These two curl commands create Kafka Connect connectors for Debezium to read data from the MySQL source database and write data to the Postgres target database.

Visit this link to view a list of active and running connectors.

Monitor the Number of Records on the Target

To ensure the replication process is working correctly, we will monitor the number of records on the target database using the script below:

 
#!/bin/bash

count=0
start_time=0
while true; do
  output=$(docker compose exec postgres-target bash -c "psql -U \$POSTGRES_USER \$POSTGRES_DB -c 'select count(*) from products'")
  count=$(echo "$output" | sed -n '3p' | awk '{print $1}')
  if [[ $count -gt 1 && $start_time -eq 0 ]]; then
    start_time=$(date +%s)
    echo "Started at"
  fi
  if [[ $count -gt 1000000 ]]; then
    end_time=$(date +%s)
    elapsed_time=$((end_time - start_time))
    echo "Record count exceeded 1000000 after $elapsed_time seconds."
    break
  fi
  echo "$output" | sed -n '3p' | awk '{print $1}'
  sleep 1
done

The script will print the number of records in the target database every second. Once the number of records exceeds 1 million, the script will print the elapsed time and exit.

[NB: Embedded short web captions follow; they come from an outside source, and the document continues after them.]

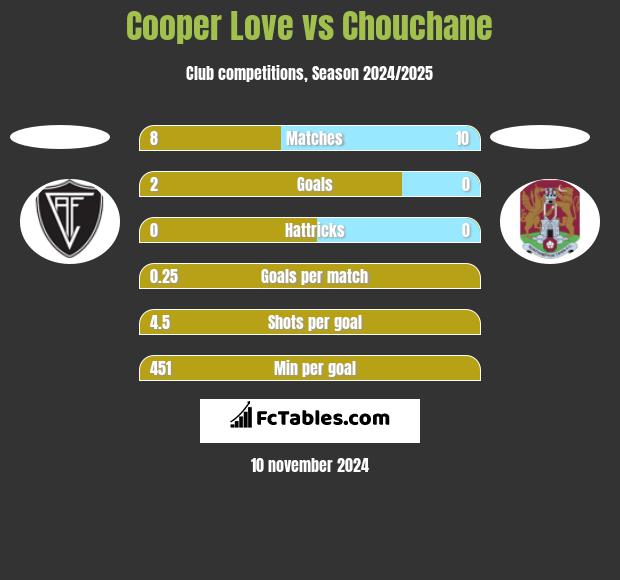 Cooper Love vs Chouchane h2h player stats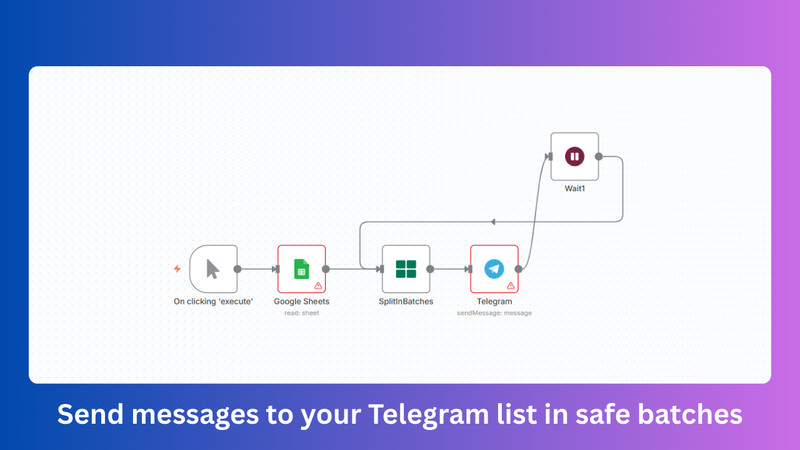 Google Sheets to Telegram Batch Message Sender AI Workflows n8n JSON Templates gallery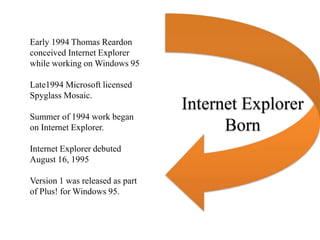 Internet Explorer
Born
Early 1994 Thomas Reardon
conceived Internet Explorer
while working on Windows 95
Late1994 Microsoft licensed
Spyglass Mosaic.
Summer of 1994 work began
on Internet Explorer.
Internet Explorer debuted
August 16, 1995
Version 1 was released as part
of Plus! for Windows 95.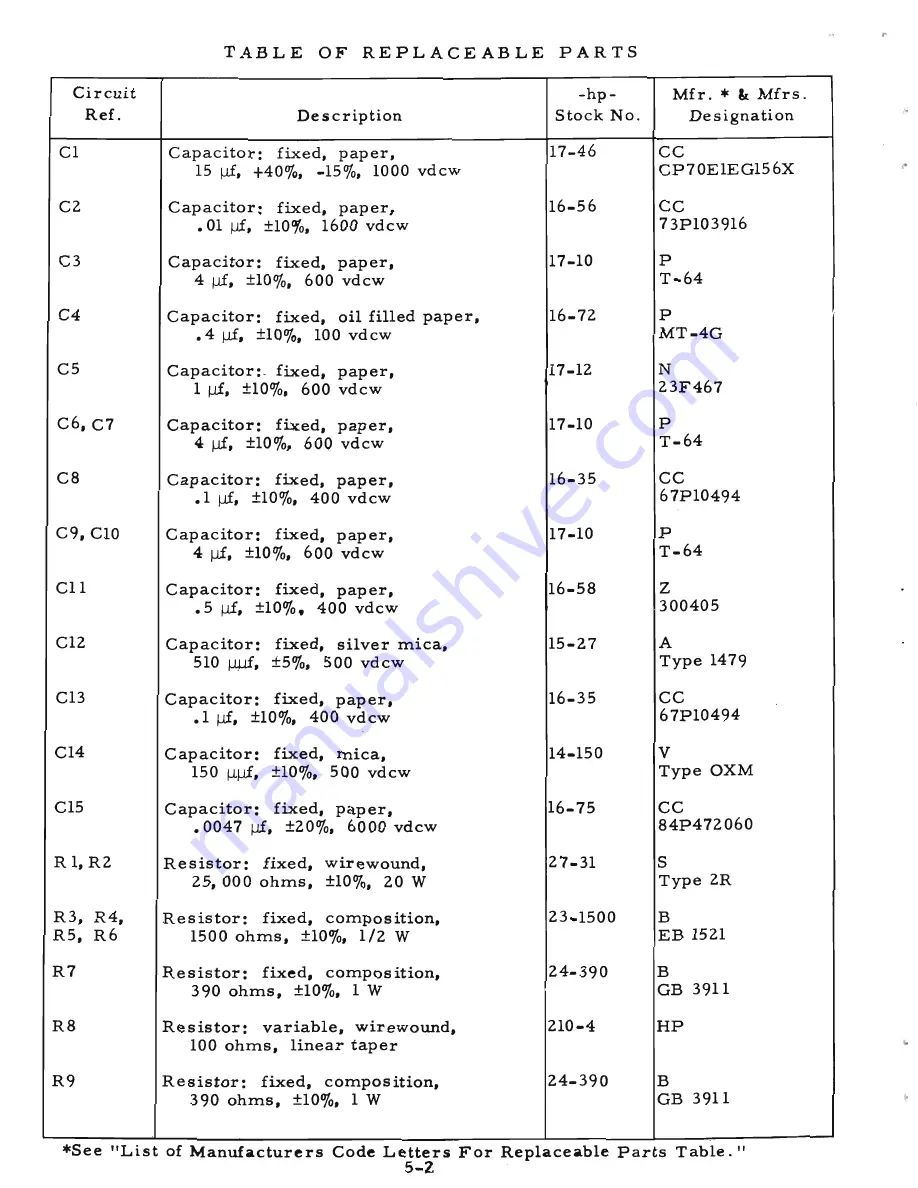 HP 712B Operating And Servicing Manual Download Page 24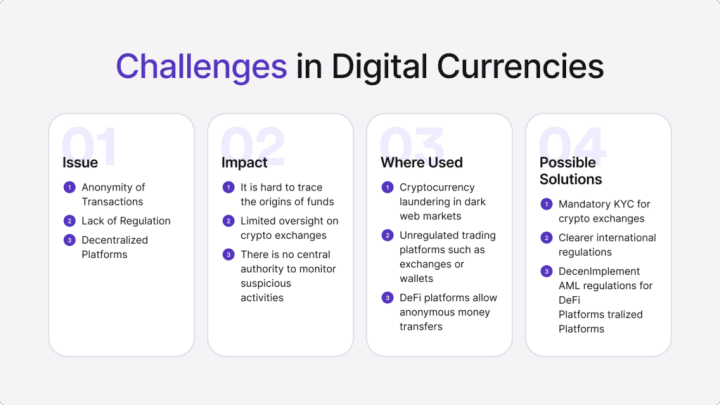 Infographic listing four challenges in digital currencies.
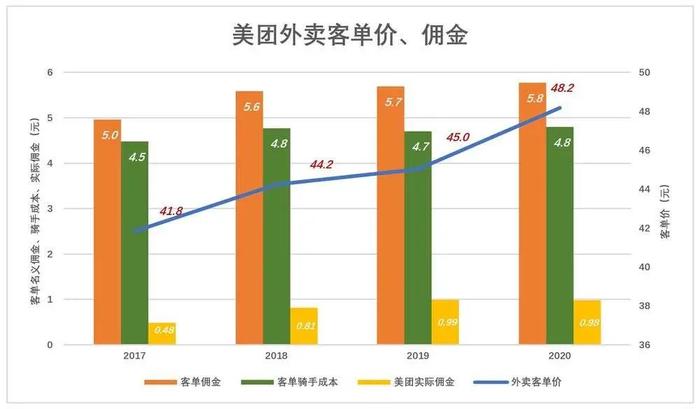 跑美团外卖如何实现高收益？从新手到大神的赚钱秘诀大揭秘！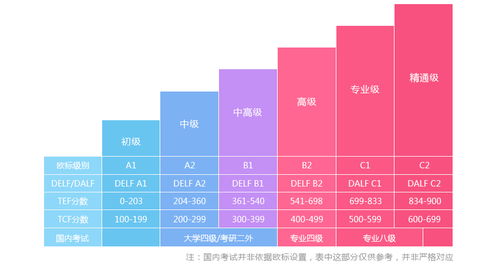 成都法语词性缩写大全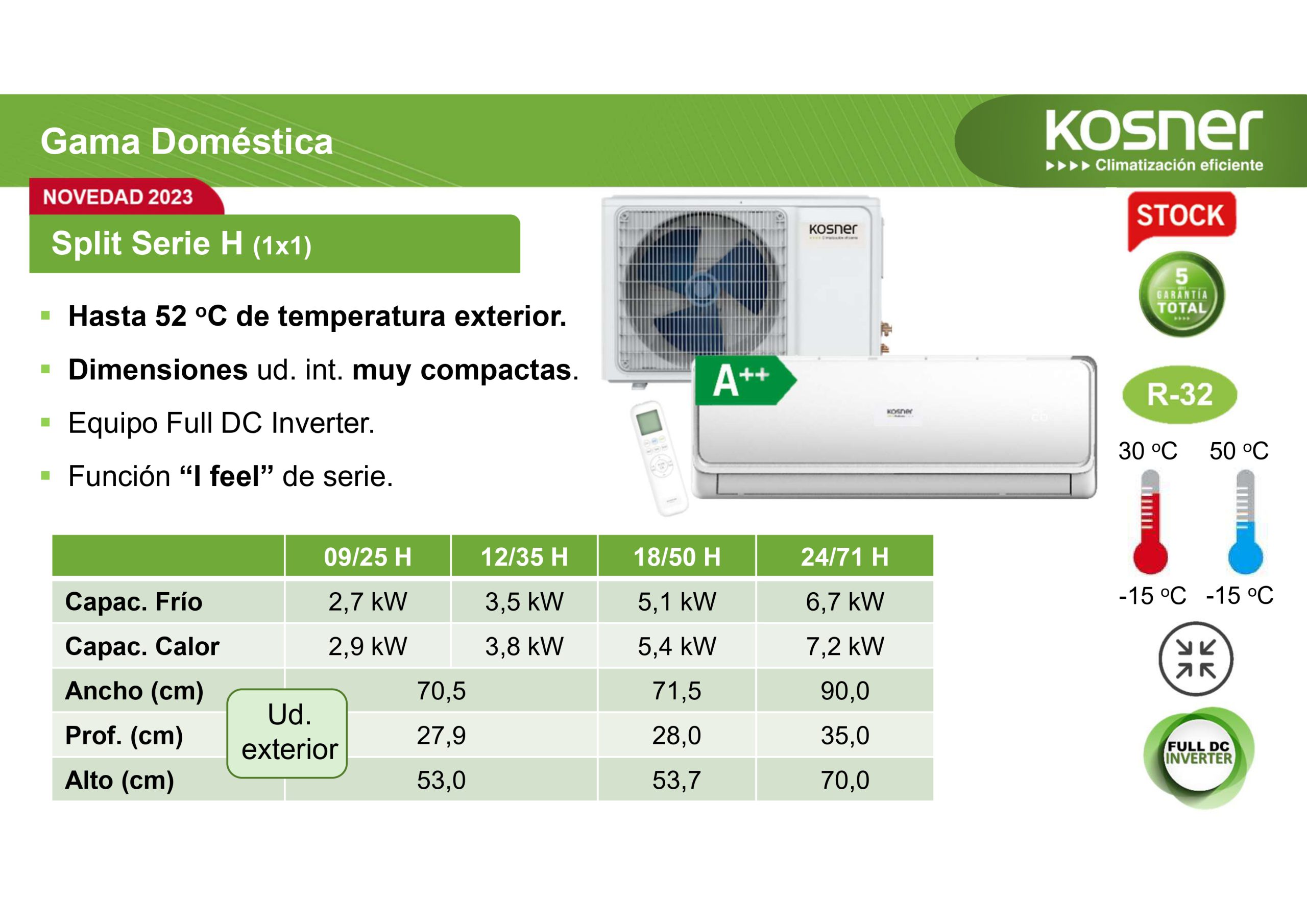Aire Acondicionado Kosner - Split Serie H 3200 FRIGORÍAS - Imagen 3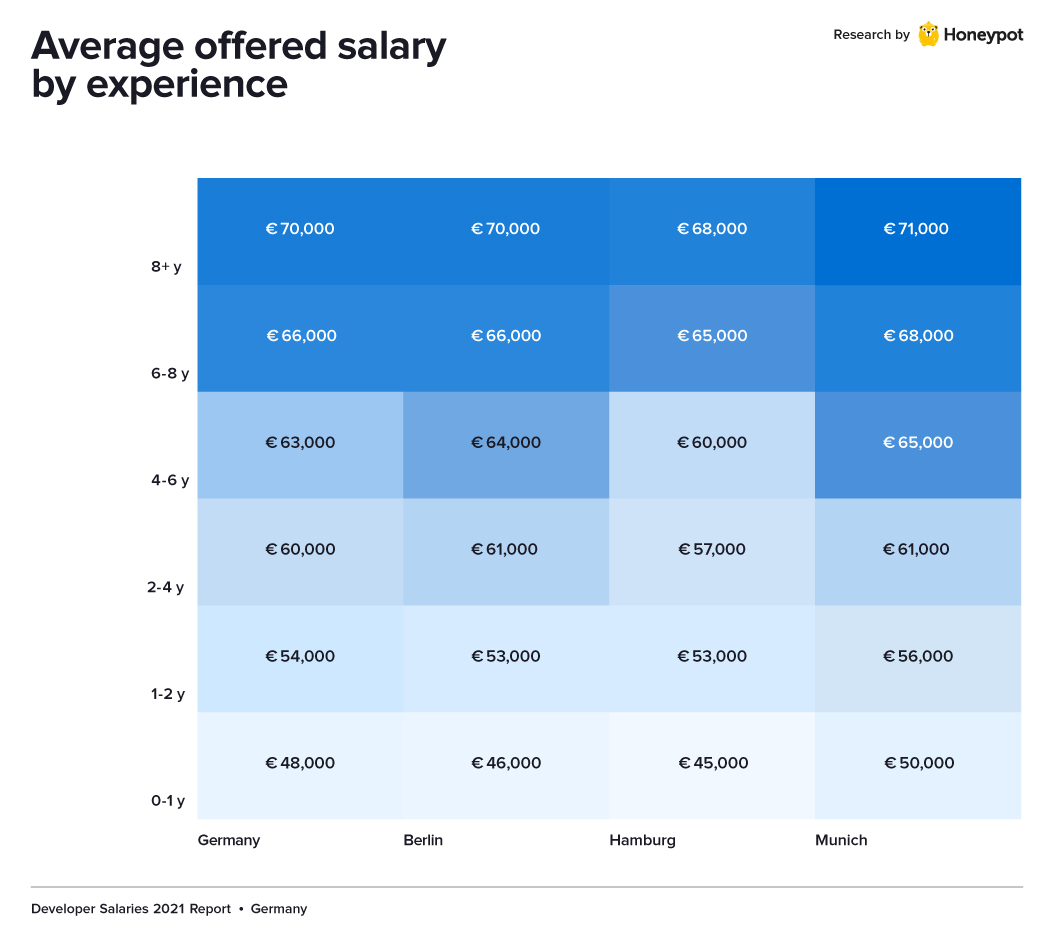 Germany dev salary experience
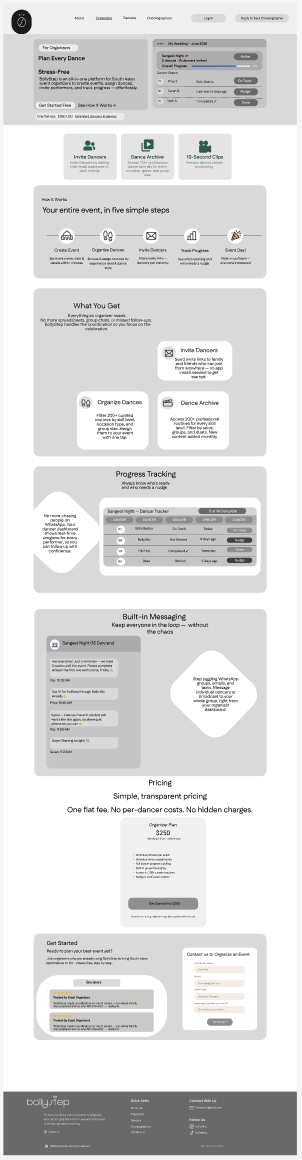 Organizer dashboard wireframe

In the next terminal run the following commands:

 
 export DEBEZIUM_VERSION=2.0 
 ./count.sh
 


Populate the Source Table With Sample Data

To execute the SQL script that populates the source table with sample data, you can run the following commands in the first terminal:

 
docker compose exec -it \
    mysql-source \
    mysql -u root -p123456 -D source
   


In the MySQL prompt, execute the following command:

 
INSERT INTO products (name, price, weight)
SELECT
  CONCAT('Product', number) AS name,
  ROUND(RAND() * 100, 2) AS price,
  RAND() * 10 AS weight
FROM
  (SELECT @row := @row + 1 AS number FROM
    (SELECT 1 UNION SELECT 2 UNION SELECT 3 UNION SELECT 4 UNION SELECT 5 UNION SELECT 6
     UNION SELECT 7 UNION SELECT 8 UNION SELECT 9 UNION SELECT 10) t1,
    (SELECT 1 UNION SELECT 2 UNION SELECT 3 UNION SELECT 4 UNION SELECT 5 UNION SELECT 6
     UNION SELECT 7 UNION SELECT 8 UNION SELECT 9 UNION SELECT 10) t2,
    (SELECT 1 UNION SELECT 2 UNION SELECT 3 UNION SELECT 4 UNION SELECT 5 UNION SELECT 6
     UNION SELECT 7 UNION SELECT 8 UNION SELECT 9 UNION SELECT 10) t3,
    (SELECT 1 UNION SELECT 2 UNION SELECT 3 UNION SELECT 4 UNION SELECT 5 UNION SELECT 6
     UNION SELECT 7 UNION SELECT 8 UNION SELECT 9 UNION SELECT 10) t4,
    (SELECT 1 UNION SELECT 2 UNION SELECT 3 UNION SELECT 4 UNION SELECT 5 UNION SELECT 6
     UNION SELECT 7 UNION SELECT 8 UNION SELECT 9 UNION SELECT 10) t5,
    (SELECT 1 UNION SELECT 2 UNION SELECT 3 UNION SELECT 4 UNION SELECT 5 UNION SELECT 6
     UNION SELECT 7 UNION SELECT 8 UNION SELECT 9 UNION SELECT 10) t6,
    (SELECT @row := 0) r
  ) numbers
LIMIT 1000000;


This command will insert 1 million rows of random data into a table named products.

Results

Once the operation is completed, you will see something like this in the terminal where the count.sh script is running:

 
....
942882
960702
977532
995352
Record count exceeded 1000000 after 96 seconds.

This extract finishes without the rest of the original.